I think also that the photographer often does not dictate his own emotions over the subject or light, especially with landscape photography (my preferred kind of photos by the way ;-)). For me, it’s actually the reverse. We are just observers that react to what we have in front of us, to what Mother Nature or the randomness of life have to offer to us. We are capturing our mood with photo, but this mood is driven by our environnement. That means it’s quite counter-productive to try express emotions artificially in our photos, if it was not our actual emotion response at the time of shooting.
And very nice photos btw, I really do enjoy them.
I’m impressed again. PL really is a beacon of quality in a sea of fluff and ads disguised as reviews. Great job Spencer!
Is the first dark light photo a composite? At 8 seconds I wouldn’t think the water looks like that, the wave part that is.
It definitely does look odd for an 8 second exposure! However, it is not a composite. The two lines in the foreground are actually foam left from prior waves that had receded, so they were not moving while I captured the photo.

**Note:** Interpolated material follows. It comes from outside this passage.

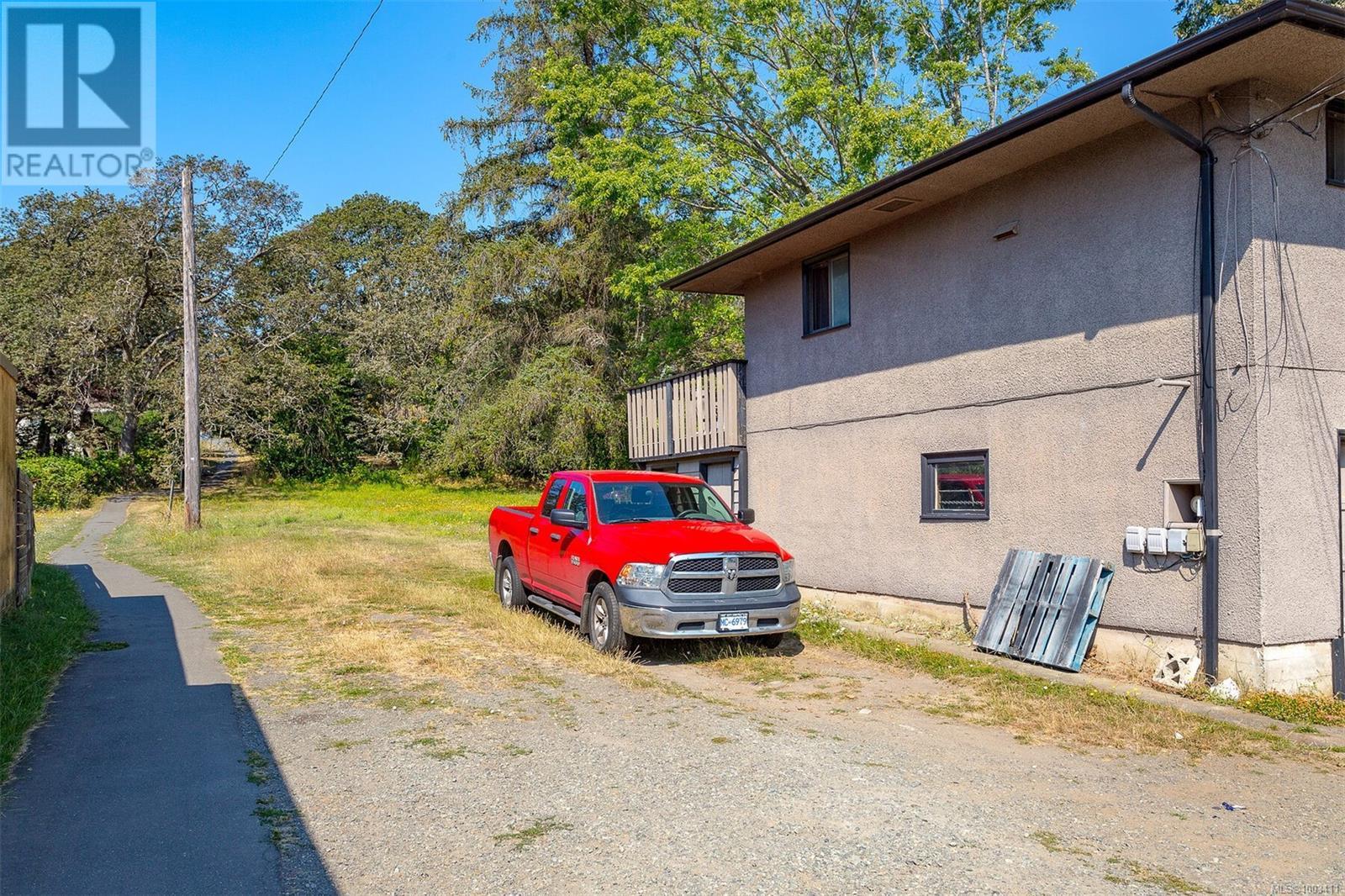 Photo 5 of 3494 Cedar Hill Rd, Saanich BC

The only moving waves are on the very far right, which are about as smooth as you’ll normally capture with an 8-second exposure of the ocean.
Thanks for the post Spencer. There are also very good articles on this site on The Quality of Light and light and mood in landscapes, I believe. I don’t see them referenced here.

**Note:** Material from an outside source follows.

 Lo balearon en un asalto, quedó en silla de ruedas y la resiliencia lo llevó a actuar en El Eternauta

Very true, I should have added them! I think these are the ones you’re referring to:
Great post, thanks, Spencer. For me, at least, the french impressionists lead the way on this one. It was when I embarked on a “project”, taking the same subject over & over (in the manner of Monet’s series on haystacks), that the importance of the colous (and strengths) of light hit me – hard !! I suspect this is in part due to the fact we are asking 6 colours to reproduce all the trillions of colours out there, and the way the sensors and subsequent post processing & printing deal with this. You do see “exact” colour matches, but rarely extending to all the colours in a digital photographic image. (Frankly, I used to think it was worse, during the analogue era).
My awareness of “colour of light” took off at that point. And it did wonders for helping me to improve “the eye”.
Absolutely, being aware of the color and quality of light in a scene is crucial for improving your visualization and composition skills. I’m sure that your project of photographing the same scene under different conditions was quite a useful one!